■ What is required ■
When the line with "SMERIGLIATR.BOSCH UNIVERSALGRIND 750-115" turns up below, begin repeating exactly, and carry on through the line with "XS Power XP750 CK"; no pictures go into the copy.

■ Data for this task ■
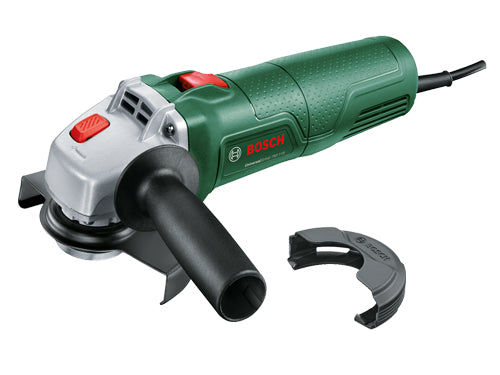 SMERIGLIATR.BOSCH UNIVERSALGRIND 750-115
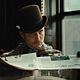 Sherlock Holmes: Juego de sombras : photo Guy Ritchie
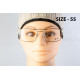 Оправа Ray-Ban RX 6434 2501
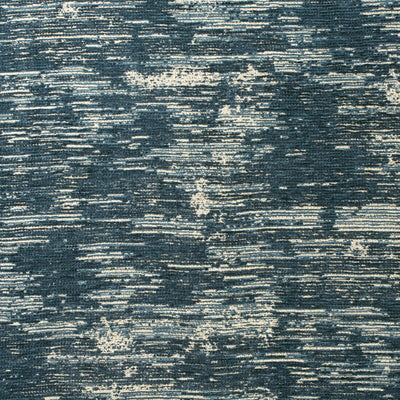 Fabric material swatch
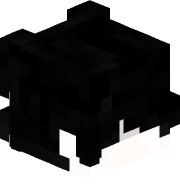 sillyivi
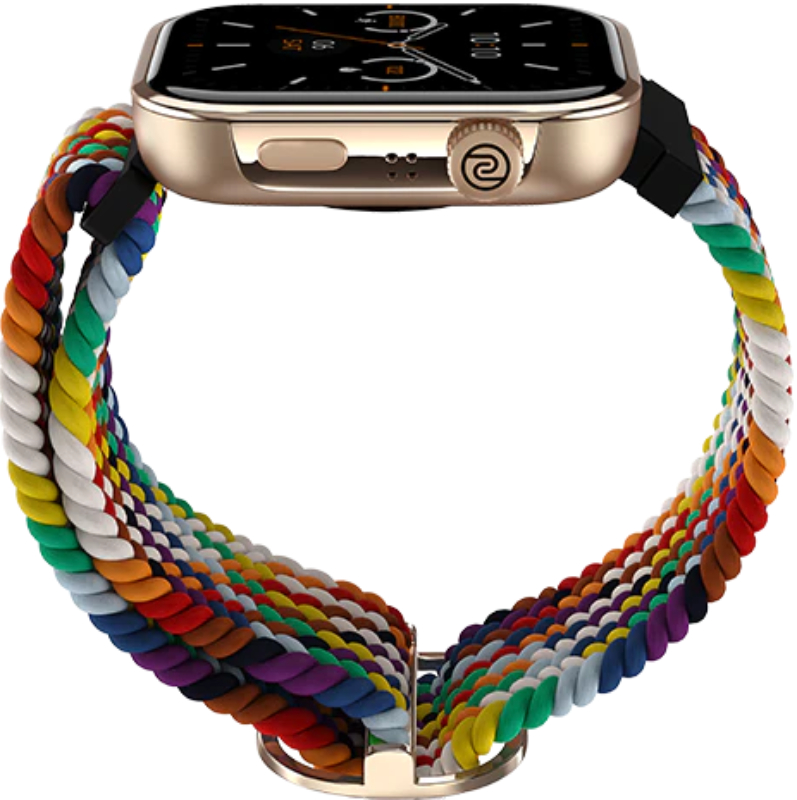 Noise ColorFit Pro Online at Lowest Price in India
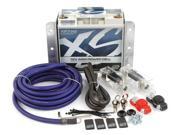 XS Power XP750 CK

==

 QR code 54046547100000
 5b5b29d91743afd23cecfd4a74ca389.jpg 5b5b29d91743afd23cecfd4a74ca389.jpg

■ Exercise response ■
 SMERIGLIATR.BOSCH UNIVERSALGRIND 750-115
 Sherlock Holmes: Juego de sombras : photo Guy Ritchie
 Оправа Ray-Ban RX 6434 2501
 Fabric material swatch
 sillyivi
 Noise ColorFit Pro Online at Lowest Price in India
 XS Power XP750 CK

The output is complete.